**Prompt**
Any pictures in the records below must be left out when you repeat the lines from the line containing "V&b antao servantskap" through the line containing "Close-up of 15mm" exactly.

**Given data**
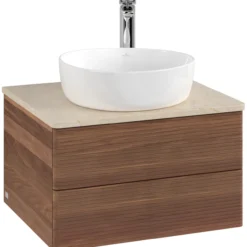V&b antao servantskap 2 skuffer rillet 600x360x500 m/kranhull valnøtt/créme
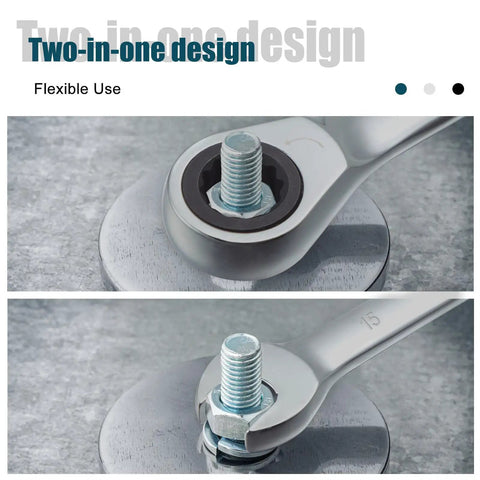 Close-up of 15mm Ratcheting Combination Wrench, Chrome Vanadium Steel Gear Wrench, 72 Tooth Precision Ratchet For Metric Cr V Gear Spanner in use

---

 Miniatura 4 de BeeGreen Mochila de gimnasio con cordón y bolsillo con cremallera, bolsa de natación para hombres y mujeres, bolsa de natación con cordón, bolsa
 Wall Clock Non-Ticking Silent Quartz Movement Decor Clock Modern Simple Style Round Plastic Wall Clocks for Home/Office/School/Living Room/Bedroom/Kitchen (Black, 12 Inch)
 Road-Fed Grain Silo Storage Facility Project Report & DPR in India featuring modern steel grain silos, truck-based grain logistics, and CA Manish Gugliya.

---

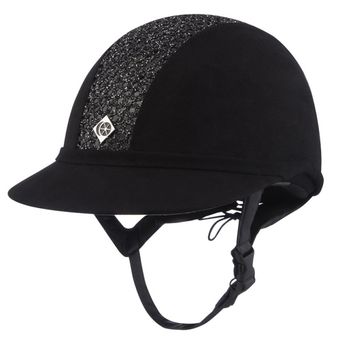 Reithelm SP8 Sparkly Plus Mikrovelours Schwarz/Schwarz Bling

**Finished task**
V&b antao servantskap 2 skuffer rillet 600x360x500 m/kranhull valnøtt/créme
 Close-up of 15mm Ratcheting Combination Wrench, Chrome Vanadium Steel Gear Wrench, 72 Tooth Precision Ratchet For Metric Cr V Gear Spanner in use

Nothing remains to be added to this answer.